Ghana Broadcasting Corporation (GBC)
- Type: Terrestrial television and radio broadcast network
- Industry: Mass Media
- Predecessor: Gold Coast Broadcasting System-31 July 1935; 91 years ago
- Founded: 1 January 1953; 73 years ago
- Headquarters: Accra, Ghana
- Area served: Ghana, 16 regions
- Key people: Professor Amin Alhassan (Director General)
- Products: Broadcasting, radio, web portals
- Services: Television, radio, online
- Owner: Government of Ghana
- Parent: Government of Ghana
- Website: gbcghanaonline.com

= Ghana Broadcasting Corporation =

Ghanaian public service broadcaster

The Ghana Broadcasting Corporation (GBC) was established by law in 1968 with a triple mandate as a State Broadcaster, Public Service Broadcaster, and a Commercial Broadcaster in Ghana. Headquartered in the capital city, Accra, GBC is funded by grants, broadcasting television commercials and the levying of a television licence, costing 36 cedis and 60 cedis for one or more TV sets in the same house every year. TV set repairers and sales outlets are to pay an annual sum of between 60 cedis to 240 cedis.

==History==
Established under an act by the British colonial government in 1935, the Gold Coast first operated a broadcasting outlet called Station ZOY, a relay station operated by the BBC. It later became the Ghana Broadcasting Corporation after Kwame Nkrumah changed the name Gold Coast to Ghana, upon political independence in 1957.
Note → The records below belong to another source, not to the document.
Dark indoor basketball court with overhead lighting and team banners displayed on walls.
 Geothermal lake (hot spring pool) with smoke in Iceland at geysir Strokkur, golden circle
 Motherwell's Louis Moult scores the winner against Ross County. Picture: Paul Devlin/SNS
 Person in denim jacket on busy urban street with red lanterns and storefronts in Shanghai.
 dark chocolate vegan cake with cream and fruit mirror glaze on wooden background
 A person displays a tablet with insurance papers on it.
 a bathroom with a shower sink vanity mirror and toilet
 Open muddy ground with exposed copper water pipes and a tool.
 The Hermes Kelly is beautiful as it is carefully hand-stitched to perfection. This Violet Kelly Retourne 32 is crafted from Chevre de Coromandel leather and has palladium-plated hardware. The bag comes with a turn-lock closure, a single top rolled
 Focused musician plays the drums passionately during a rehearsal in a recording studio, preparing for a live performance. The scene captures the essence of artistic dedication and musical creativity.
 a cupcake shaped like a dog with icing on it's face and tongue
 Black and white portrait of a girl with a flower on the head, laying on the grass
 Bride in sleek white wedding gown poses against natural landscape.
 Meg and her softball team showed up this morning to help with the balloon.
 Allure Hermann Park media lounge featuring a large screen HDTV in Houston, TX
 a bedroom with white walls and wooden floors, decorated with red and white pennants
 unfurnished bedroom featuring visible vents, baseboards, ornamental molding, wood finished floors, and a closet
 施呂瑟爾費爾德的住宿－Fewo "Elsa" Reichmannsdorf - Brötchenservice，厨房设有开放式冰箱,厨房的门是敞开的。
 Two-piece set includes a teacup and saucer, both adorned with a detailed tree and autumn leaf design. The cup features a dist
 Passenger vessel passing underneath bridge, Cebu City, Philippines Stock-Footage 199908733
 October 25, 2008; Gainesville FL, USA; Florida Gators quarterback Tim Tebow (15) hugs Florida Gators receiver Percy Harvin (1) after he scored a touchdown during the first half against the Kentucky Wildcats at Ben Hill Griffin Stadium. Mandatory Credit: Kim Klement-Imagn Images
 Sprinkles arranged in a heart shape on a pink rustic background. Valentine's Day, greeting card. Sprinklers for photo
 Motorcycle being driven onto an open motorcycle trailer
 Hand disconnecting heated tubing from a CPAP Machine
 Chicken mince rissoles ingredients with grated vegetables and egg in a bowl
Broadcasting began on 31 July 1935, from a wired relay station opened in Accra. The brain behind the introduction of broadcasting into the country was the then Governor of the Gold Coast, Arnold Hodson. He was assisted by a British radio engineer, F. A. W. Byron. Gramophone records of martial and light music were relayed, and Hodson spoke the message:

One of the main reasons for introducing the Relay Service is to bring news, entertainment and music into the homes of all and sundry. This will bring to an end the barriers of isolation and ignorance in the path of progress and also to enable the people of Gold Coast to improve on their very rich cultural music.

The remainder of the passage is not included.